1. BAB I. PENDAHULUAN …………………………………………1


2. BAB II. TINJAUAN PUSTAKA …………………………………2
1. Definisi Carpal Tunnel Syndrome …………………………………2
2. Anatomi …………………………………………………………3
3. Epidemiologi …………………………………………………6
4. Etiologi …………………………………………………………7
5. Patofisiologi …………………………………………………………8
6. Manifestasi Klinis …………………………………………………12
7. Klasifikasi …………………………………………………………13
8. Pemeriksaan Fisik …………………………………………………14
9. Pemeriksaan Penunjang …………………………………………20
10. Diagnosis …………………………………………………………21
11. Diagnosis Banding …………………………………………………22
12. Terapi …………………………………………………………23
13. Komplikasi dan Prognosis …………………………………………24
3. BAB III. PENUTUP …………………………………………………25
4. DAFTAR PUSTAKA …………………………………………………27

i
BAB I
PENDAHULUAN

Carpal Tunnel Syndrome (CTS) adalah suatu neuropati kompresif saraf


medianus yang biasanya terjadi dibagian pergelangan tangan. Terowongan karpal
sendiri dikelilingi oleh beberapa tulang dan diatapi oleh ligamentum karpal
transversum. Di dalam terowongan karpal ini bisa ditemukan saraf medianus,
tendon-tendon fleksor dan selubung sinovialnya.
CTS merupakan jenis entrapment neuropathy yang paling umum dan
menyerang 1% penduduk. CTS sendiri lebih banyak menyerang wanita
dibandingkan pria dengan rasio 2:1 dengan usia rata-rata diatas 50 tahun untuk
pria dan 51 tahun untuk wanita. CTS juga merupakan jenis penyakit okupasional
yang paling sering terjadi. Pekerjaan-pekerjaan repetitif dalam waktu yang
panjang merupakan salah satu faktor risiko untuk terkena CTS. Beberapa
pekerjaan tertentu seperti tukang ketik, kasir dan lain sebagainya memiliki
kemungkinan yang lebih besar untuk mengidap CTS.
Patofisiologi dari CTS sendiri beragam, namun, prinsip dasar dari
mekanisme terjadinya CTS dapat disimpulkan dalam 2 proses yakni; kompresi
dan traksi. Semua mekanisme CTS berputar-putar disekitar kedua proses ini baik
karena adanya kompresi dari jaringan ikat, dari otot, dari mikrosirkulasi saraf dan
lain-lain.
Pasien dengan CTS biasanya datang dengan keluhan nyeri atau kebas pada
jari tangan pertama hingga keempat (ibu jari, jari telunjuk, jari tengah dan
sebagian jari manis).
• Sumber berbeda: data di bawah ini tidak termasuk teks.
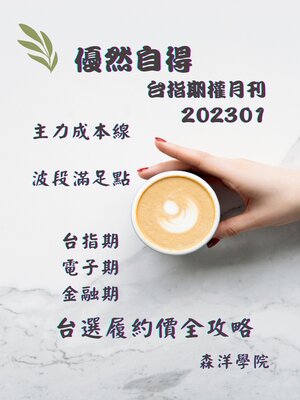 cover image of 優然自得台指期權月刊202301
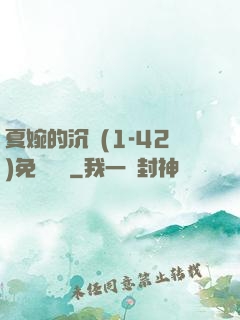 夏婉的沉淪(1-42)免費閱讀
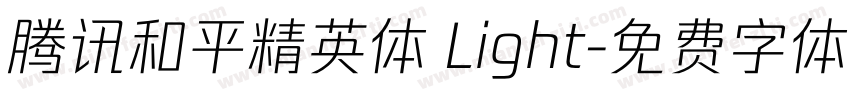 腾讯和平精英体 Light字体转换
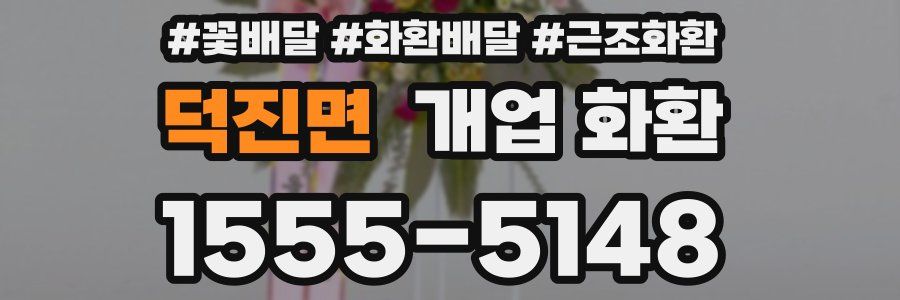 덕진면 개업 화환
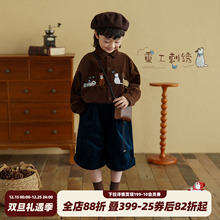 砚台家男童加绒衬衫秋季新款复古儿童重工刺绣长袖衬衣灯芯绒冬款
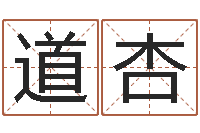 邱道杏五行相生相克关系-八字起名网免费取名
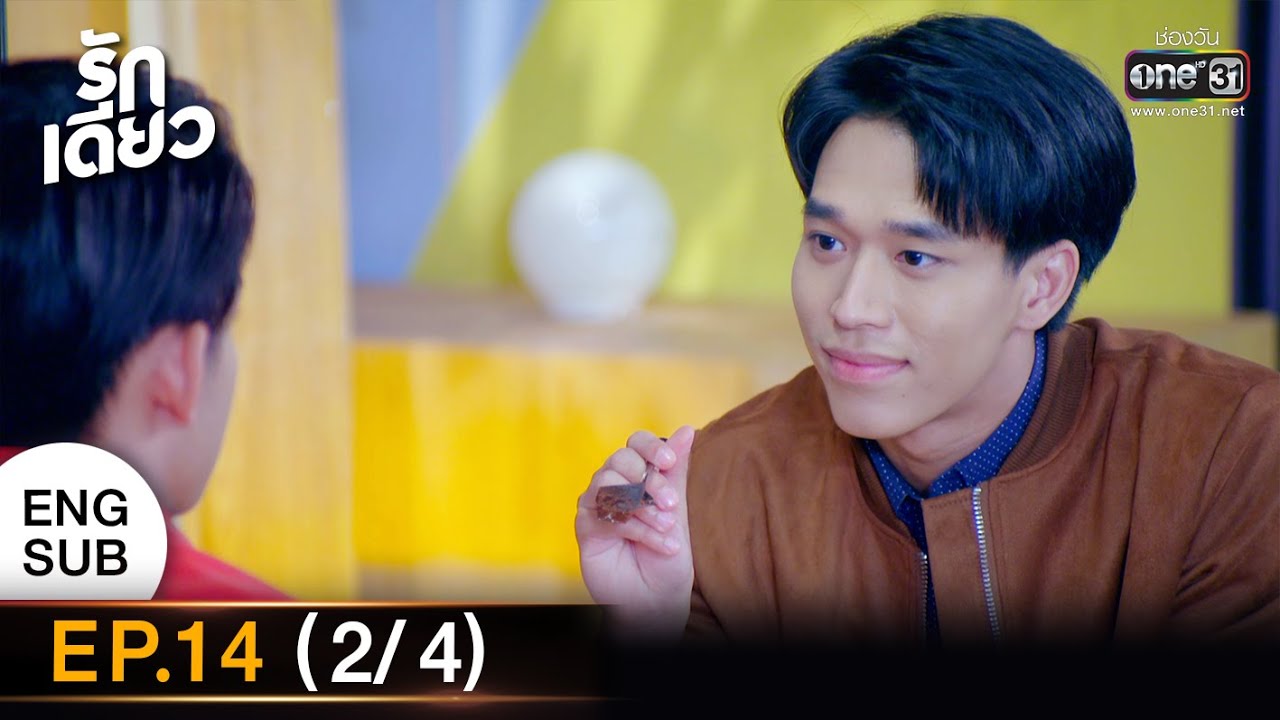 รักเดียว | EP.14 (2/4) | 30 เม.ย. 65 | one31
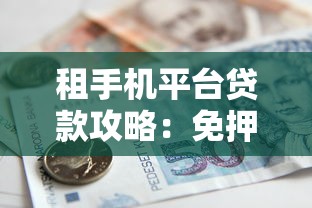 租手机平台贷款攻略：免押金分期方案与避坑指南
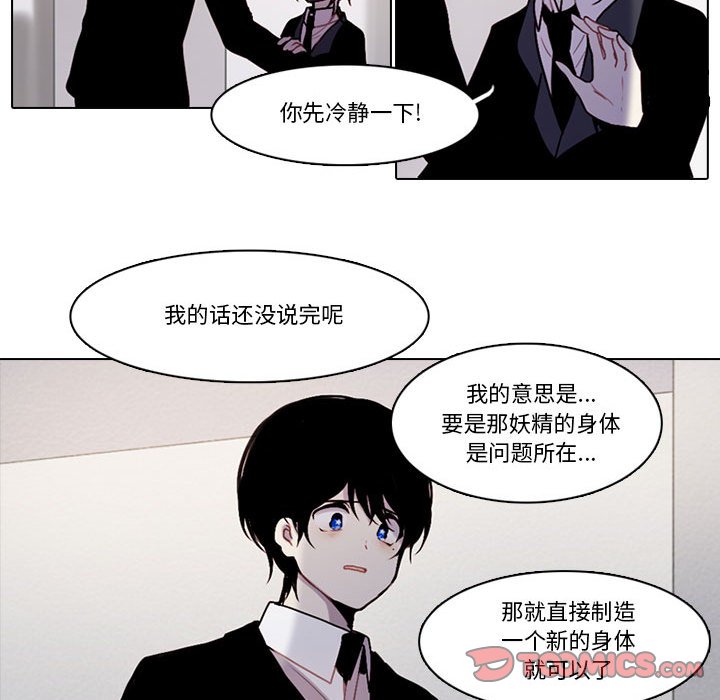 第 42 页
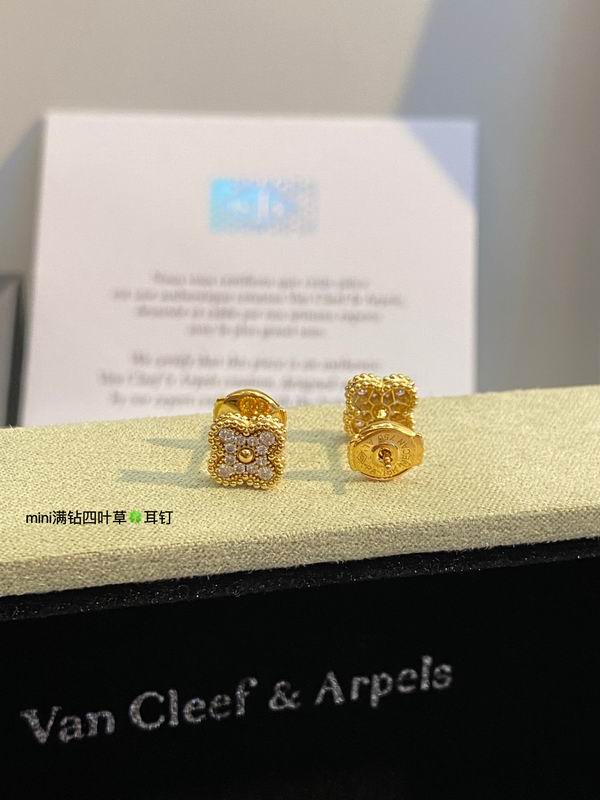 Van Cleef & Arpels earring 03lyh23 (4)
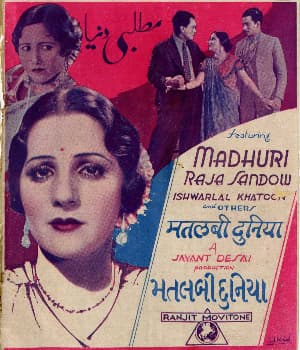 Matlabi Duniya (1936) poster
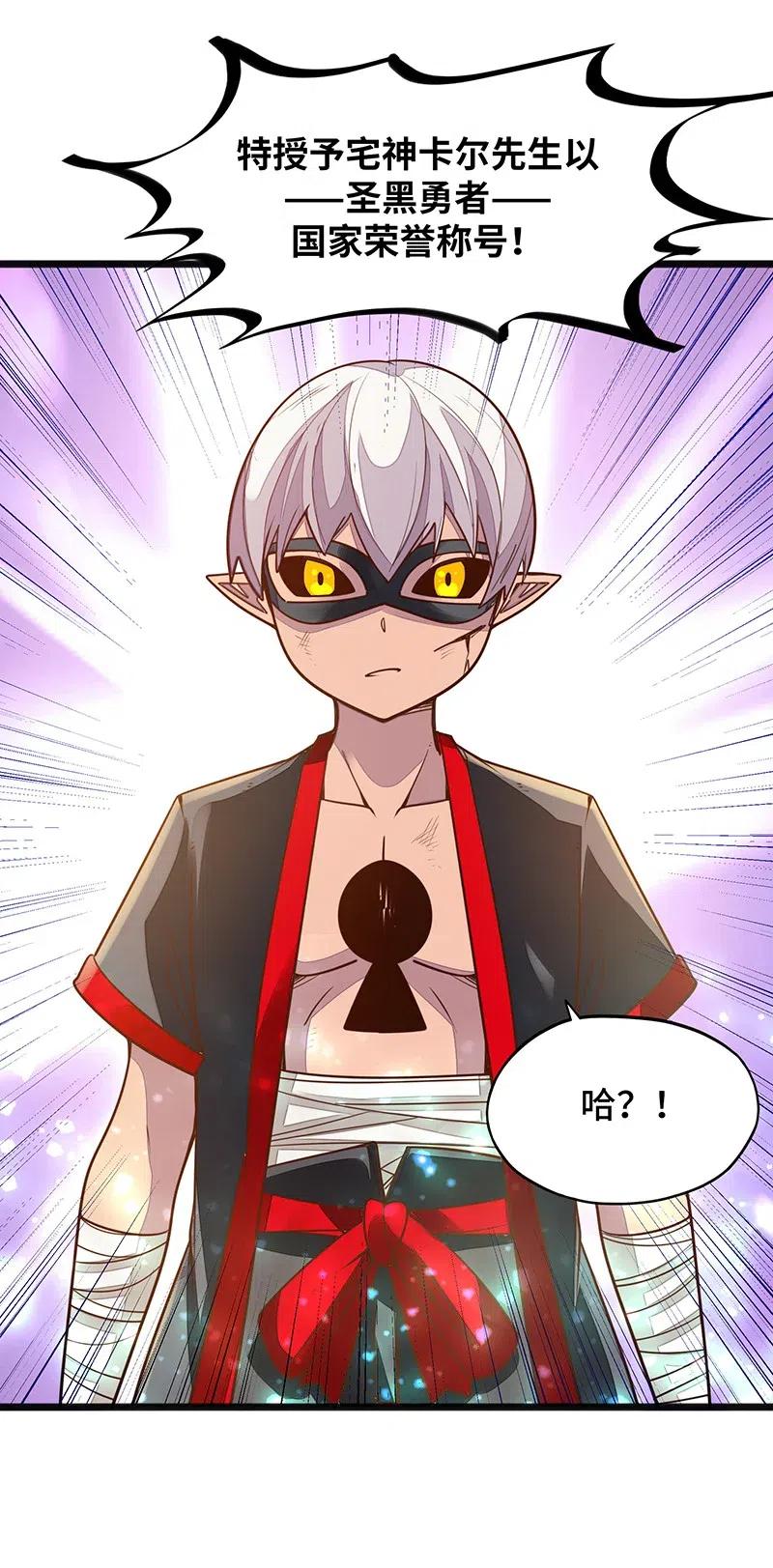 《魔王法则 女巫之绊》059 新时代 第34页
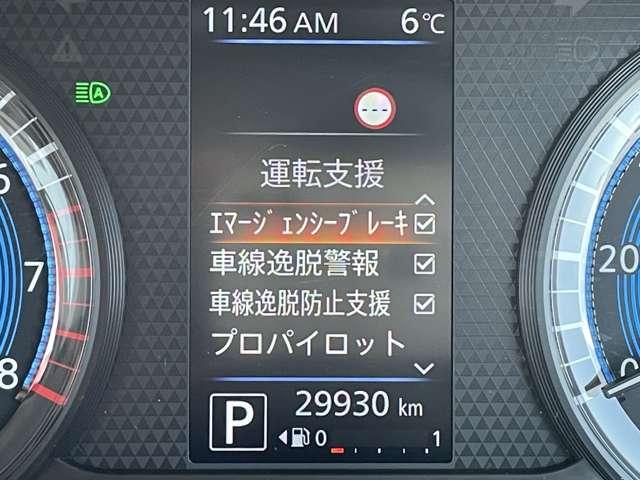 ルークス ハイウェイスター　Ｘ　プロパイロットエディション　禁煙車／エマージェンシーブレーキ／純正９インチＳＤナビ／アラウンドビューモニター／Ｂｌｕｅｔｏｏｔｈ／フルセグ／ＬＥＤライト／ハンズフリー両側パワースライドドア／車線逸脱警報／ペダル踏み間違い防止（6枚目）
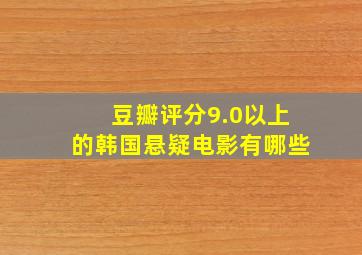 豆瓣评分9.0以上的韩国悬疑电影有哪些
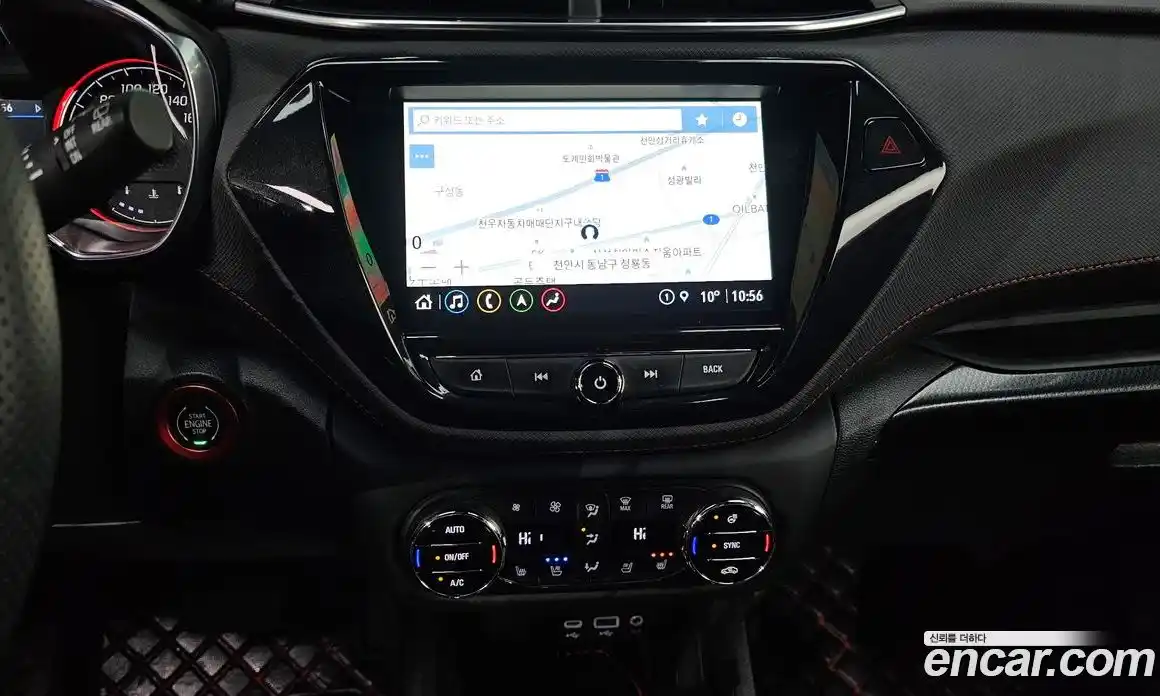 Chevrolet TrailBlazer 2022 1.3 Автомат в Москве № 217313, фото 9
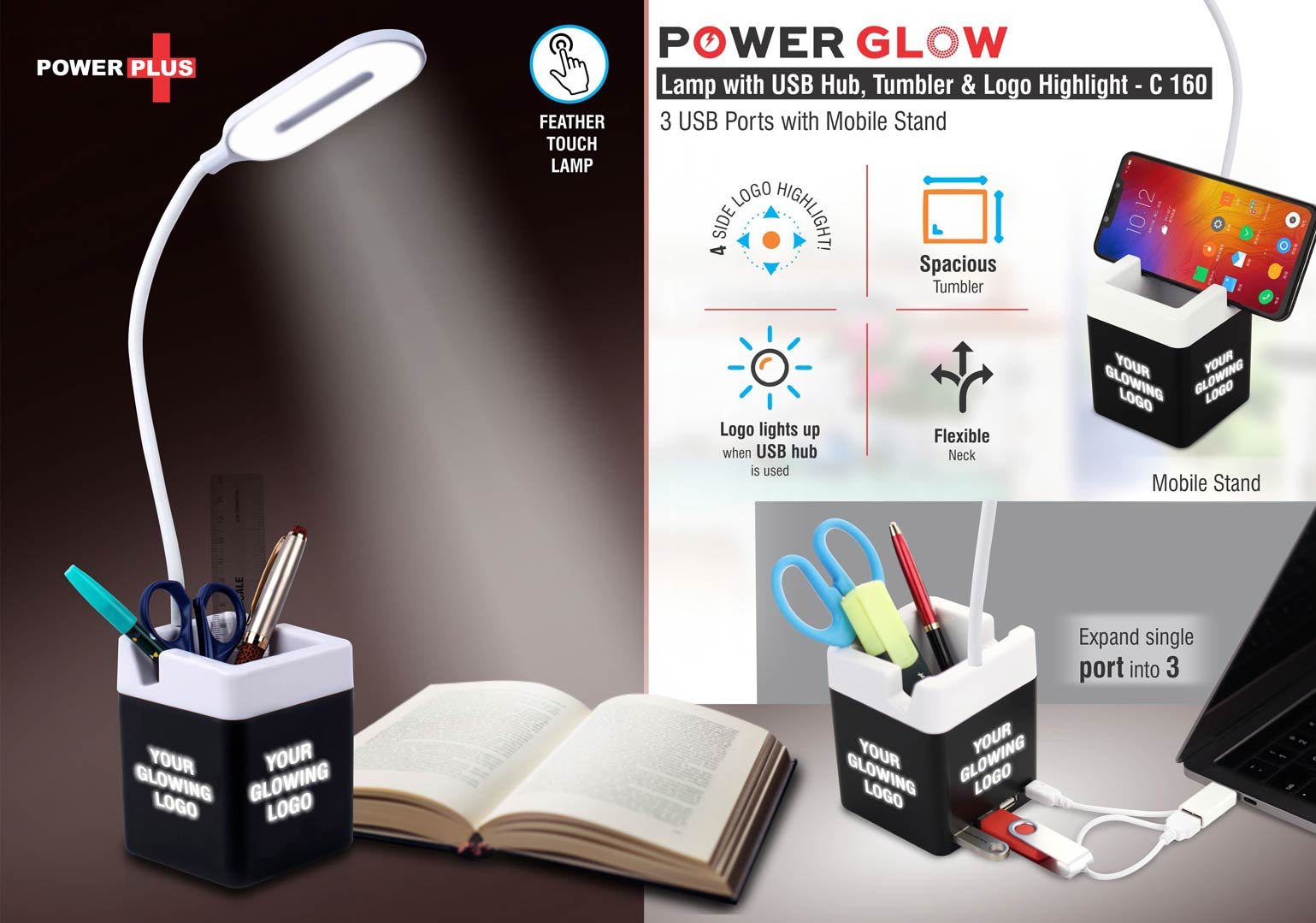 PP1 C160 – PowerGlow Table Lamp with USB hub, tumbler and logo highlight | 3 USB ports | With mobile stand - Image 1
Untuk stadium awal, biasanya gejala hanya dirasakan pada
malam hari sedangkan untuk stadium kedua, gejala dirasakan juga pada siang
hari.. Utuk stadium terakhir, sudah mulai terlihat adanya atrofi dari eminence
thenar dan kelemahan genggaman juga dikeluhkan pasien di mana pasien merasa
lebih sering menjatuhkan barang.
Terapi untuk CTS terbagi menjadi terapi koservatif dan terapi bedah.
Terapi konservatif memiliki efek jangka pendek yang baik tetapi untuk terapi
jangka panjang atau terapi definitif, perlu dilakukan terapi bedah.

1
BAB II
TINJAUAN PUSTAKA

1. Definisi carpal tunnel syndrome


Istilah carpal tunnel syndrome (CTS) pertama kali diajukan oleh
Paget pada tahun 1854. CTS sendiri merupakan kondisi neuropati
kompresif atau bisa didefinisikan sebagai mononeuropati atau radikulopati
yang disebabkan dari distorsi mekanik karena adanya kompresi1.
Berdasarkan The American Academy of Orthopaedic Surgeons (AAOS),
CTS didefinisikan sebagai neuropati kompresi pada saraf median pada
tingkat pergelangan tangan2.
Carpal tunnel syndrome (CTS) atau sindroma terowongan karpal
(STK) adalah salah satu gangguan pada tangan yang terjadi karena adanya
penyempitan pada terowongan karpal, baik akibat edema fasia pada
terowongan tersebut maupun akibat kelainan pada tulang-tulang kecil
tangan sehingga terjadi penekanan terhadap nervus medianus
dipergelangan tangan.
CTS adalah bentuk terjepitnya saraf median yang paling sering dan
paling terkenal. CTS sendiri merupakan 90% dari kasus entrapment
neuropati3. Entrapment neuropati adalah neuropati kronik fokal kompresif
yang disebabkan oleh meningkatnya tekanan pada struktur anatomis yang
tidak fleksibel2. CTS disebabkan karena terjepitnya saraf median pada
bagian carpal tunnel yang dibatasi oleh tulang karpal dan ligamen karpal
transversum. Peningkatan tekanan pada carpal tunnel menyebabkan
menurunnya fungsi saraf median pada bagian tersebut.
Bentuk lain dari entrapment saraf median adalah sindrom pronator
dan sindrom saraf anterior interosseous2. Sindrom pronator didefinisikan
sebagai kompresi saraf median pada bagian lengan atas yang
menyebabkan gangguan sensoris pada distribusi saraf median ke telapak
tangan dan tonjolan tenar. Sindrom saraf anterior interosseous
dikarakteristikkan dengan hilangnya sebagian atau keseluruhan fungsi

2
gerak oleh otot yang diinervasi oleh saraf anterior interosseous atau
cabang motorik dari saraf median pada bagian lengan atas2.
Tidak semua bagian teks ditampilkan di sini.